# 4x4 problem



## Colton browning (Jan 18, 2021)

I have a 09 thundercat 1000 im new to ATV's and when i try and put it into 4x4 it wont engage i tried it mutiple times and it did not work. The last time i tried it it went into 4x4 but i could not get it to disengage. Any ideas on what could be the issue?


----------



## NMKawierider (Apr 11, 2009)

Actuator or slide/coupler problem. Change the oil. Sometimes fresh oil makes it work smoothly again.


----------



## Colton browning (Jan 18, 2021)

So today i changed out the fluid in my front end i drove it to warm it up and when i sped up to about 25 and the Let the machine slow down by itself i heard a metallic clink sound in the front it did it about 2 or 3 times. When i went and tried out the 4wd it worked like it took 2 tries to go into 4wd then i flipped it back to 2wd and it felt like it came out. I went and tried the 4wd again and gave it some gas it clunked in the front end.
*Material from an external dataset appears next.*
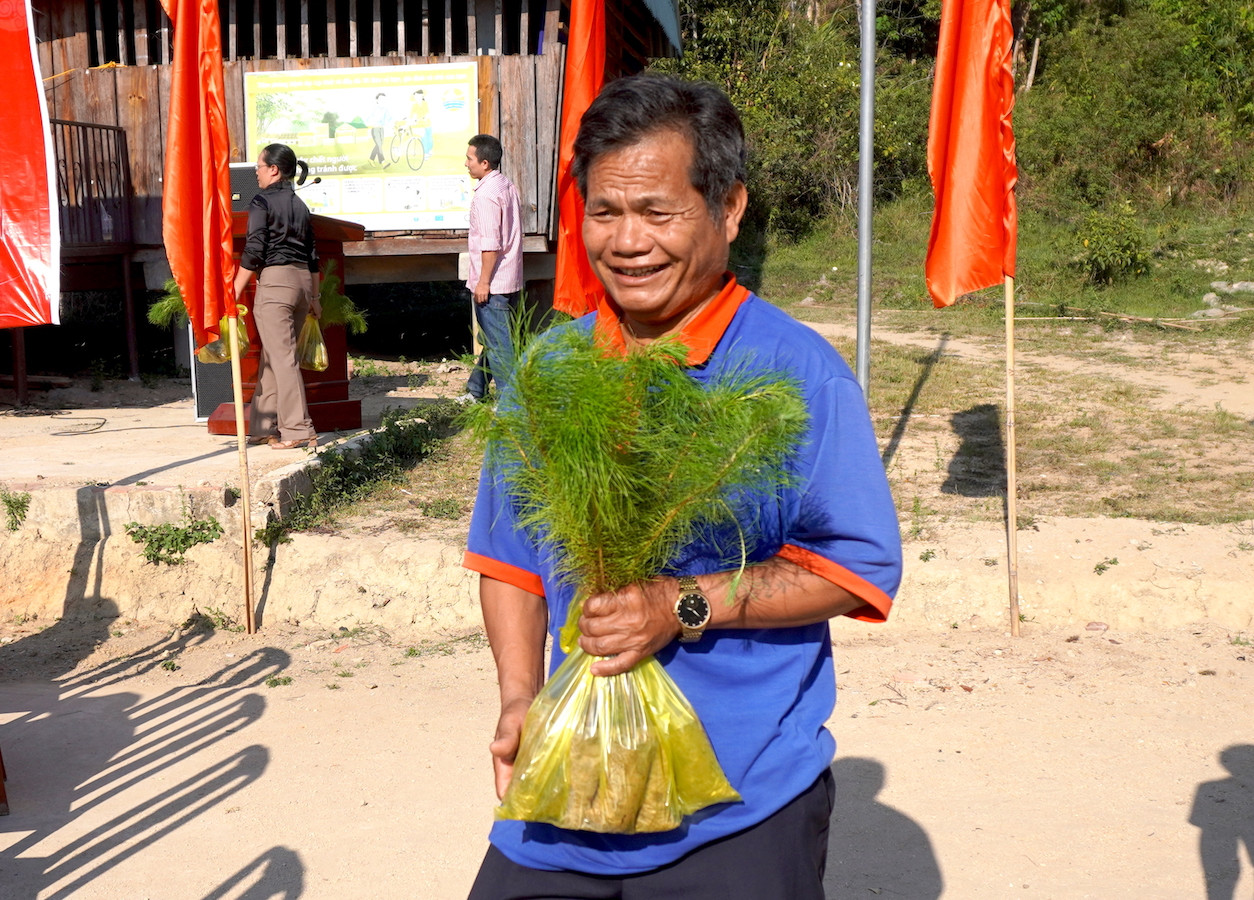 Người dân rất phấn khởi khi có những cây thông giống để trồng trên vùng núi Ngọc Linh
Not sure whats going on with it.


----------



## NMKawierider (Apr 11, 2009)

Sounds like the slide isn't fully moving in or out and the dogs are clipping the ends. Bet the pin on the end of the actuator is bent. Pull it and see. Once off yoy can also move the coupler/slide by hand to see if it's smooth.


----------



## Colton browning (Jan 18, 2021)

I had my dad ride it and he put it into 4x4 and he didnt have any of if happen this machine is confusing me


----------